== Segment start ==

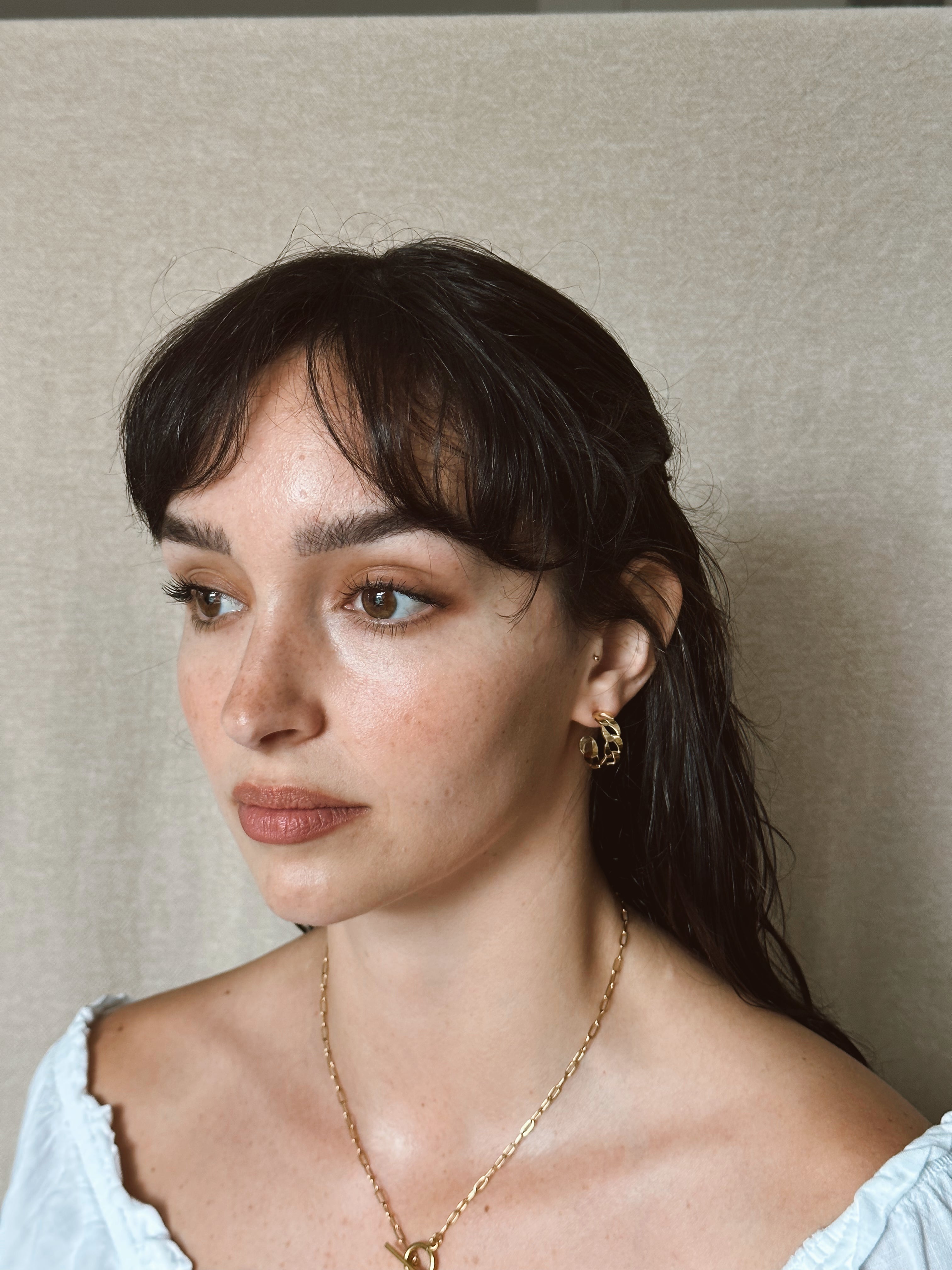 Chain Hoop Earrings - Gold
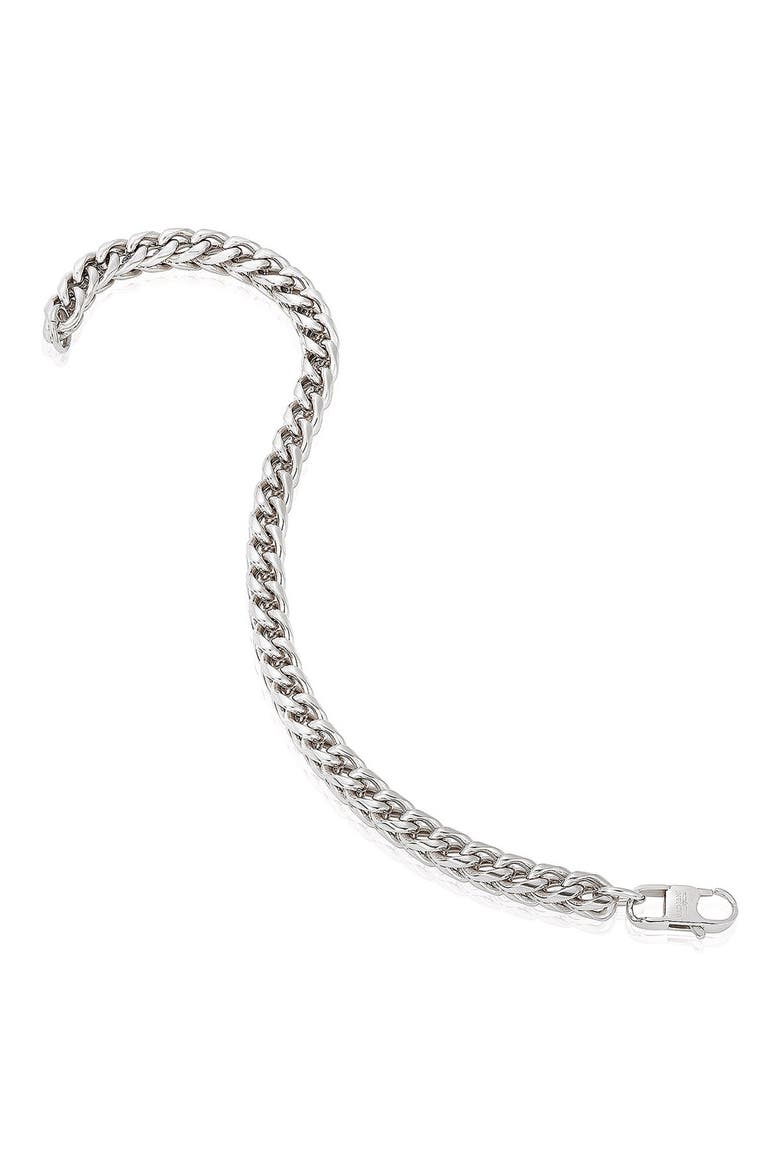 Mens' 6mm Franco Chain Bracelet, Alternate, color, SILVER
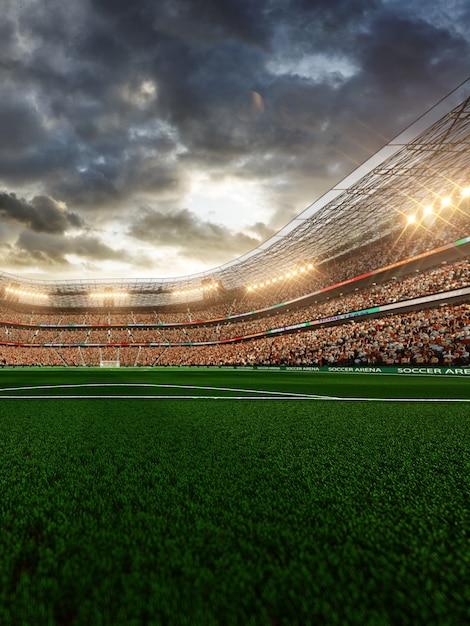 Empty soccer stadium with fans in the evening light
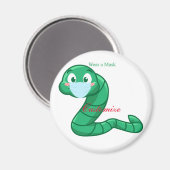 Green Kawaii Worm Thunder_Cove Magnet (Vorderseite/Rückseite)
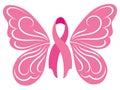 Pink ribbon with butterfly wings. Breast Cancer Awareness Ribbon. Vector illustration for breast health. Royalty Free Stock Photo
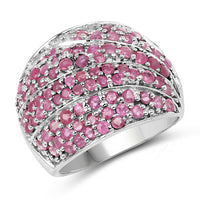2.97 Carat Genuine Ruby .925 Sterling Silver Ring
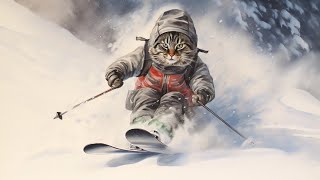 Lofi Cat: Fearless skiing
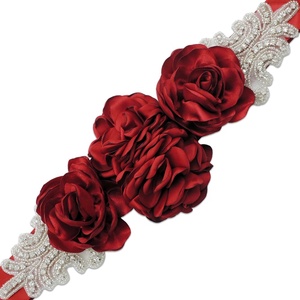 Cinturón de <span class=keywords><strong>boda</strong></span> hecho a mano con diamantes de imitación y perlas para embarazadas, cinturón de maternidad con flores y rosas 3D - Product Image 5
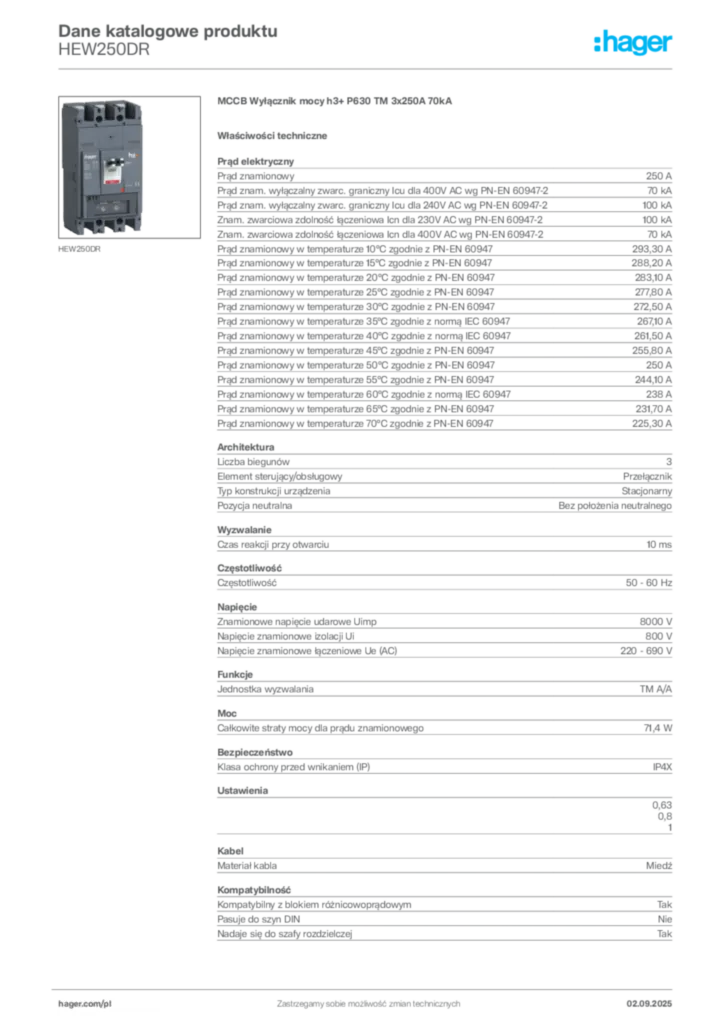 Zdjęcie Hager Dane katalogowe produktu HEW250DR | Hager Polska
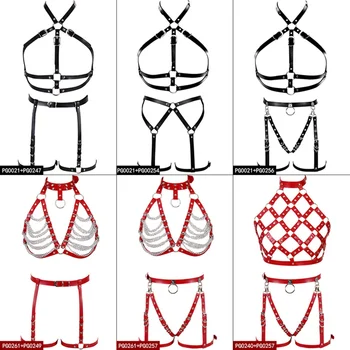 Goth Women Full Body Harness Set Leather Tops Hollow Out Bras Garter Belt Adjust Art Clothing Halloween Club Dance Festival Rave
Goth Women Full Body Harness Set Leather Tops Hollow Out Bras Garter Belt Adjust Art Clothing Halloween Club Dance Festival Rave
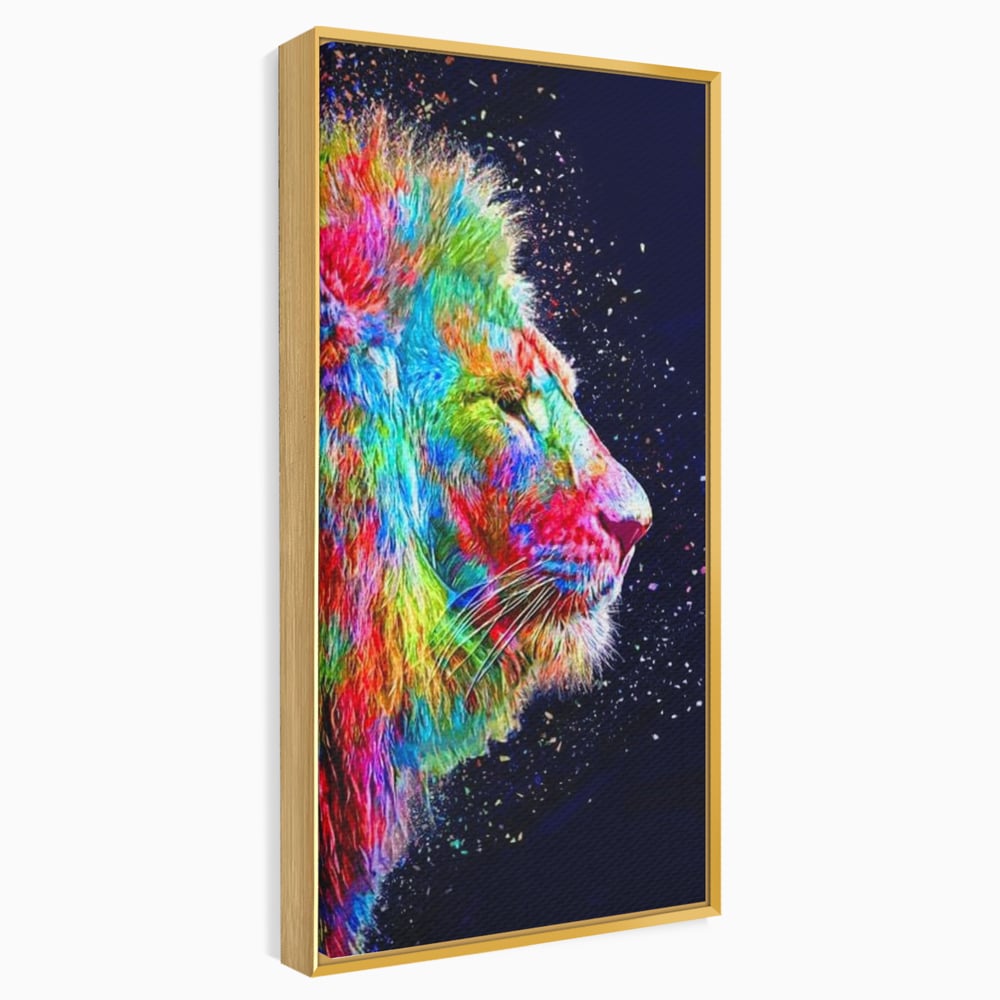Tablou canvas cu tablou canvas cu profil de leu multicolor, in rama de aluminiu auriu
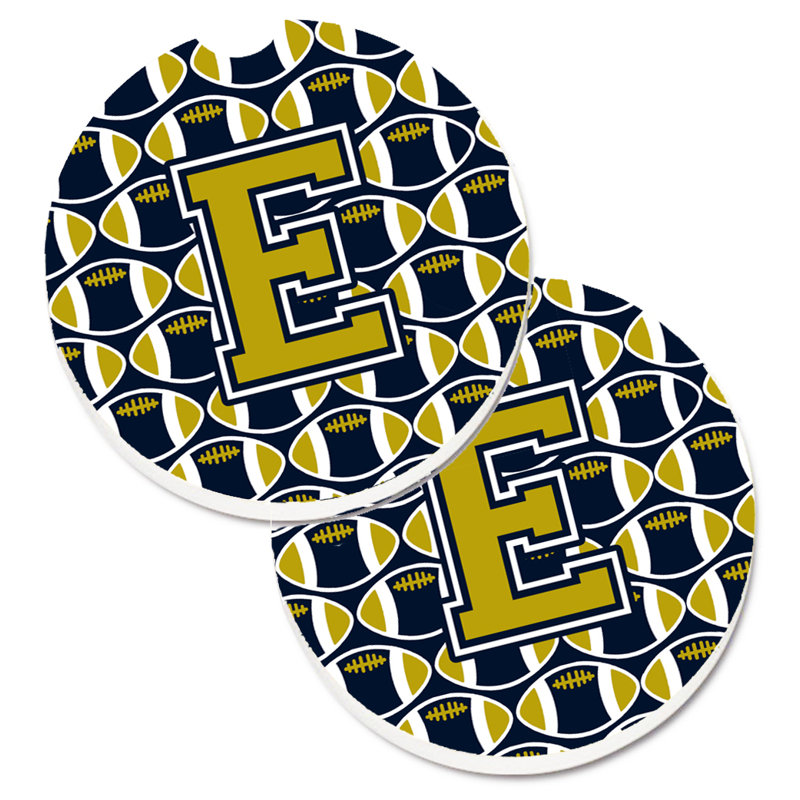 Sous-verre de football, E, Or / Bleu
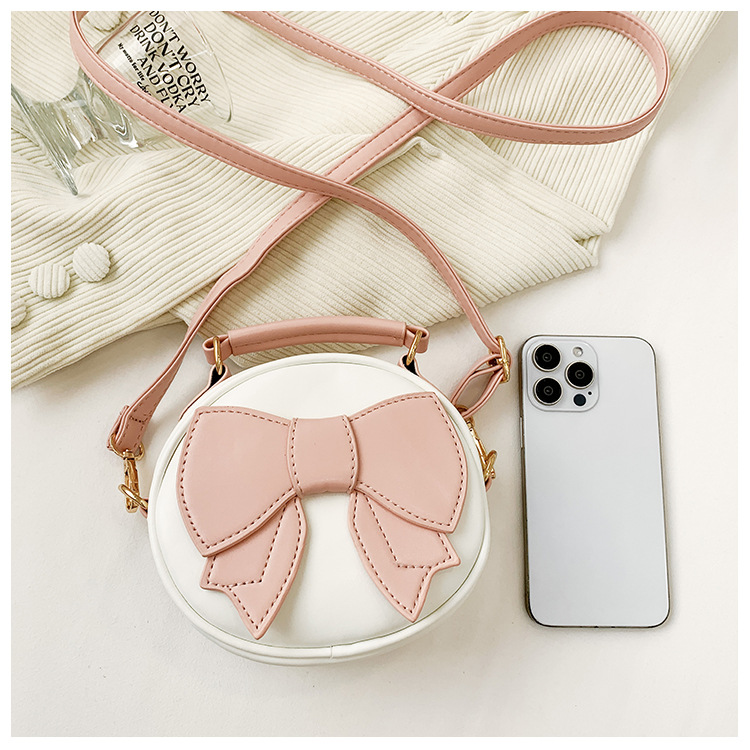 151g Weight Polyester Lining Material Zipper Closure Type Top Handle, Sling Strap Strap Type Crossbody Bag Bags Type Casual, Daily, Shopping Occasion Pu Leather Material Bow Knot Pattern All Seasons Season Girl'S Gender Cute Style Round Shape Girl'S Pu Leather Bow Knot Cute Round Zipper Crossbody Bag 1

== Segment end ==

**Task goal**
Since the pictures don't belong in the copy, copy only the rest of the entries above exactly.

**Exercise result**
 Chain Hoop Earrings - Gold
 Mens' 6mm Franco Chain Bracelet, Alternate, color, SILVER
 Empty soccer stadium with fans in the evening light
 Green Kawaii Worm Thunder_Cove Magnet (Vorderseite/Rückseite)
 Pink ribbon with butterfly wings. Breast Cancer Awareness Ribbon. Vector illustration for breast health. Royalty Free Stock Photo
2.97 Carat Genuine Ruby .925 Sterling Silver Ring
 Lofi Cat: Fearless skiing
 Cinturón de <span class=keywords><strong>boda</strong></span> hecho a mano con diamantes de imitación y perlas para embarazadas, cinturón de maternidad con flores y rosas 3D - Product Image 5
 Zdjęcie Hager Dane katalogowe produktu HEW250DR | Hager Polska
 Goth Women Full Body Harness Set Leather Tops Hollow Out Bras Garter Belt Adjust Art Clothing Halloween Club Dance Festival Rave
Goth Women Full Body Harness Set Leather Tops Hollow Out Bras Garter Belt Adjust Art Clothing Halloween Club Dance Festival Rave
Tablou canvas cu tablou canvas cu profil de leu multicolor, in rama de aluminiu auriu
 Sous-verre de football, E, Or / Bleu
 151g Weight Polyester Lining Material Zipper Closure Type Top Handle, Sling Strap Strap Type Crossbody Bag Bags Type Casual, Daily, Shopping Occasion Pu Leather Material Bow Knot Pattern All Seasons Season Girl'S Gender Cute Style Round Shape Girl'S Pu Leather Bow Knot Cute Round Zipper Crossbody Bag 1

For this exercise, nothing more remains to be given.